I’m doing my duty as a California parent. I’m flunking distance learning.

Because failure isn’t just an option when you must become your children’s teacher during the worst pandemic in a century. Failure is the goal.

Imagine the educational carnage if distance learning didn’t fail! If parents proved better instructors than teachers, how could unions defend their weaker members? If I administer my home classroom effectively, how could school districts justify employing expensive administrators? If students did better at my kitchen table than in a physical classroom, why would school construction firms ever donate to school board campaigns again? 

Educational success, in these circumstances, would be nothing less than an attack on public education, which I revere. So parents of  school-age children must accept their roles as actors in a show that, like Mel Brooks’ “The Producers,” is supposed to flop. Even Gov. Gavin Newsom, who imposed distance learning in March, has dropped any pretense that this is anything more than educational theater. As my local school superintendent recently wrote to our San Gabriel Valley community: “California’s public-school system does not have the infrastructure or appropriate regulations to support a comprehensive, all-in, distance learning program for all students.”

This doesn’t mean parents should abandon distance learning Our job is to accept the blame for distance learning’s failure, so that our schools, teachers and kids don’t have to.

I confess: I was slow to embrace my own role as scapegoat. I never got less than a A until college. So I took it hard when distance learning began and I immediately seemed to be  failing three grades—my sons are in first, third, and fifth. Only  Adam Sandler’s character Billy Madison, who flunked grades 1-12, has done worse. 

At first, I made excuses, like that my full-time job distracted me. Then I lashed out. 

I blamed my wife for offering no help; her lame excuse is she’s a health journalist covering COVID19 around the clock.  I blamed the confounding educational technologies—Sumdog, BrainPOP, Think Central, Flipgrid, and, worst of all, Google Classroom—my kids had to use.

I blamed teachers, who sent me assignments with broken Internet links—and mixed messages. One day, they’d advise not to stress about completing schoolwork. The next, they’d ask why particular assignments weren’t done, or remind me that school swas still in session.

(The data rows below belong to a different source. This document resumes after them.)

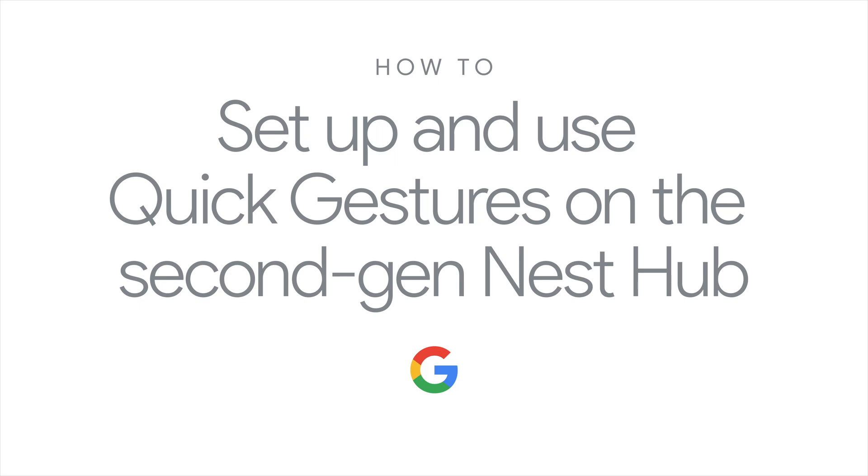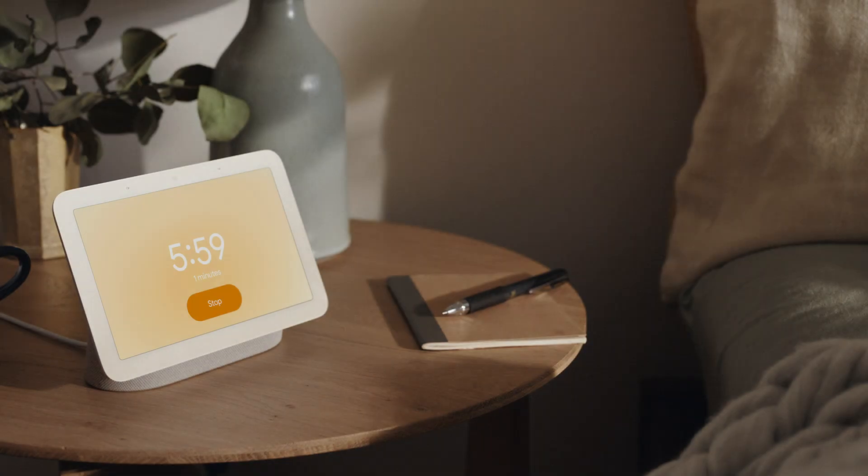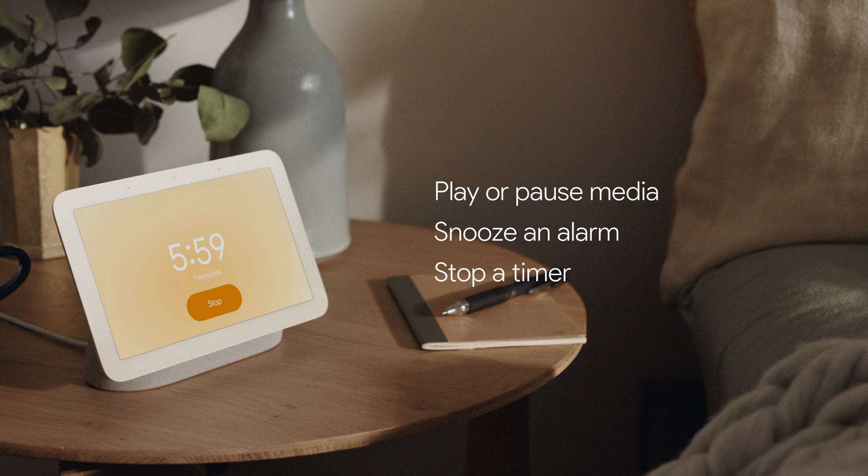How to set up and use Quick Gestures on the second generation Nest Hub from Google. Quick Gestures can control some features on your Nest Hub with the movement of your hand. You can play and pause a song or video, snooze an alarm, or stop a timer.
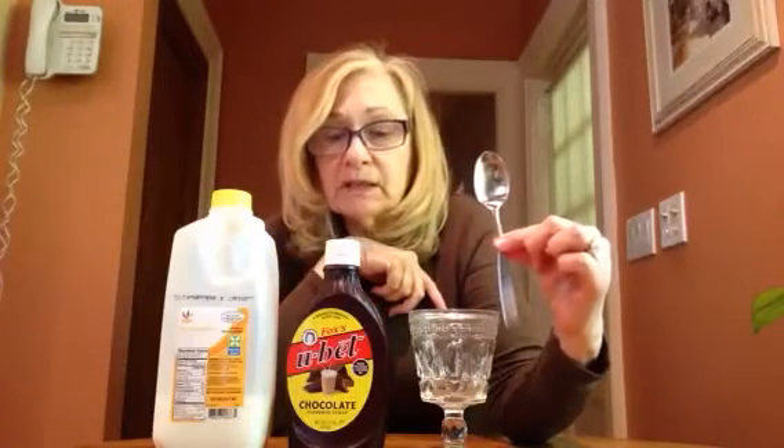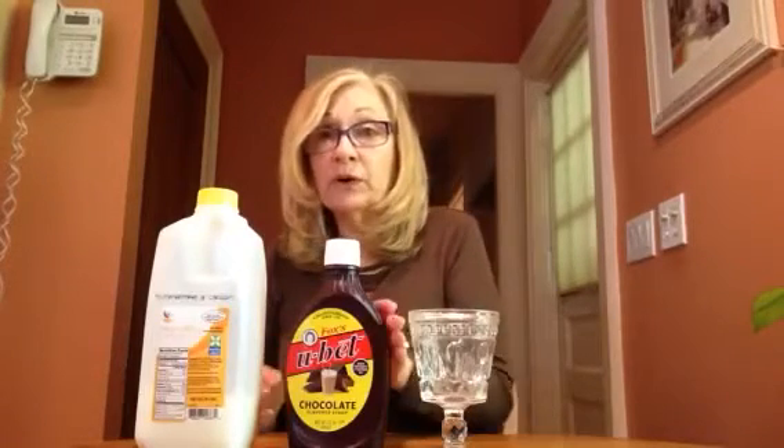We need a spoon for mixing. You're getting so much language in this context, and I'm just going to go through and you'll hear how I would present it to your child. I would use a lot of language of sequencing. So I would say, the first thing we're going to do is pour the milk into the glass.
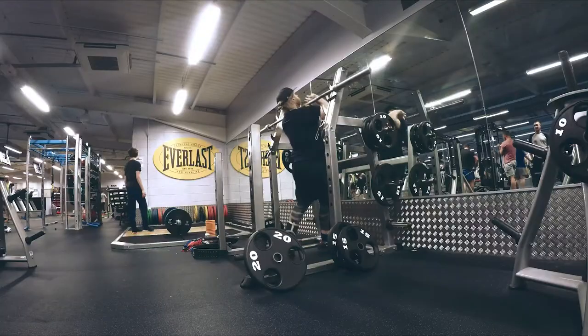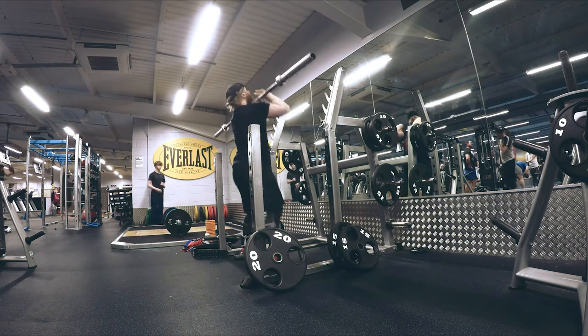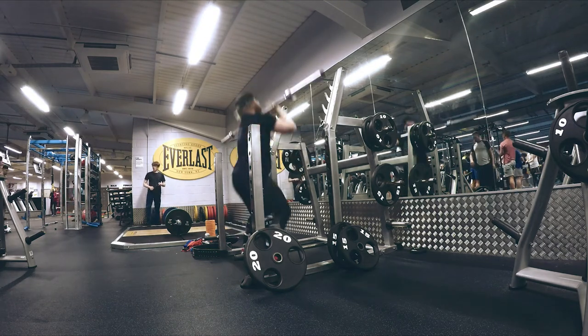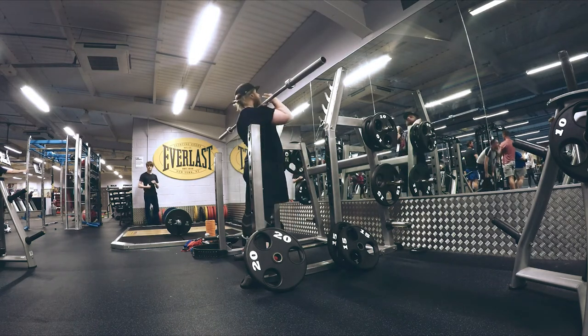As I was just saying, today is max effort lower and that quite obviously means that I am doing a squat variation. This week's squat variation is going to be max effort high bar but with red bands. But before that, I'm going to warm up.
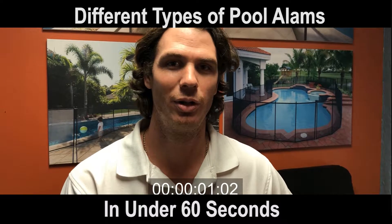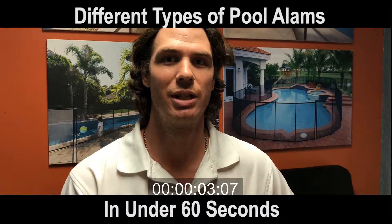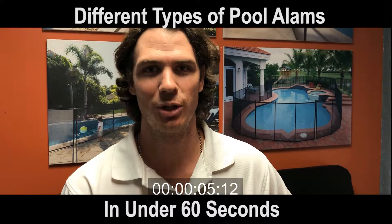Hey, how you doing? I'm Chris and I'm here to give you safety tips in under 60 seconds. We're going to be talking about pool alarms today.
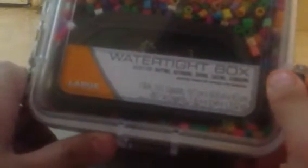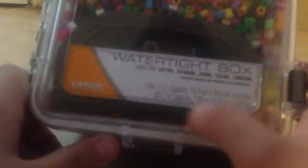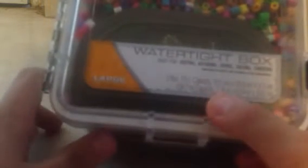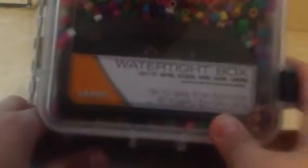It is a watertight box and it is great for rafting, canoeing, kayaking, diving, sailing, etc. The width is 6.54 inches, length is 7.76, and depth is 3.62. These also come in different sizes — small, medium, and large — and this is the large.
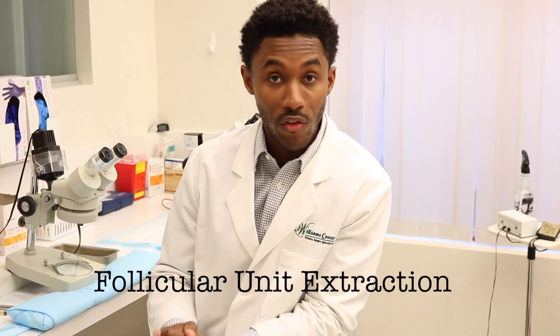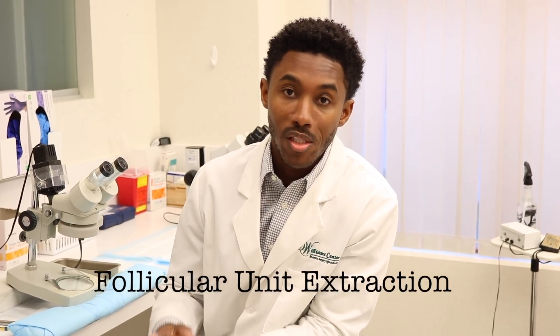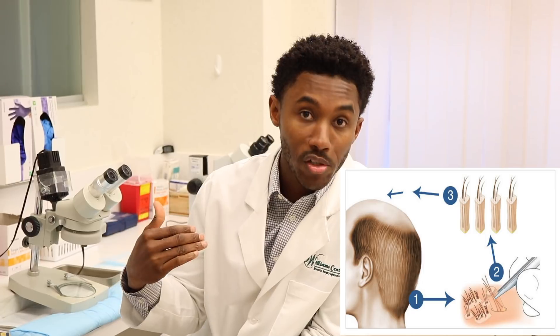The first being follicular unit extraction, or FUE, that's commonly referred to as the scarless method, even though that's a little bit of a misnomer. You can have little scars from where the hairs are harvested, but that technique requires harvesting of each individual hair. It's a great technique for individuals who wear short hairstyles and don't want to see a linear scar.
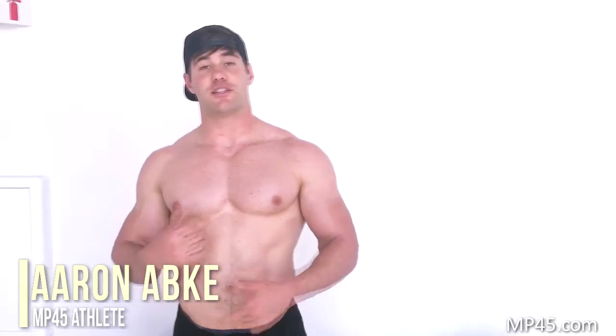Hey guys, Aaron here with MP45. Today I'm going to show you guys a really cool tricep press down variation that's going to spice up your arm workouts, and it's called the three position press down.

Most of all, I blamed my lazy, undisciplined students. They exploited the fact that they needed to be on their screens all day to sneak video games whenever I wasn’t looking. With them sleeping in, skipping work, and bombing tests, I threatened to call their parents, before remembering I am one.

I finally understood distance learning’s true purpose after reporting my first grader’s work refusals to the school. In a call, teachers and administrators politely declined my request that he be made to repeat first grade. My 6-year-old, recognizing my diminished power, started making me write down his answers to school assignments. Last week, he warned: “If I get an email from Google Classroom that I need to do this again, you will be to blame.” 

So I have accepted my fate. I am not anyone’s teacher. Nor do I have any training in instruction or classroom control.  I can’t give students a grade. I can’t even ground them—the whole world is already grounded. I am merely an unpaid go-between between two groups—my children and their teachers—who during a pandemic have bigger worries than schoolwork.

I am sometimes asked, Does distance learning work? The answer is we will never know, if we employ it only in these crazy circumstances, when it is certain to fail. 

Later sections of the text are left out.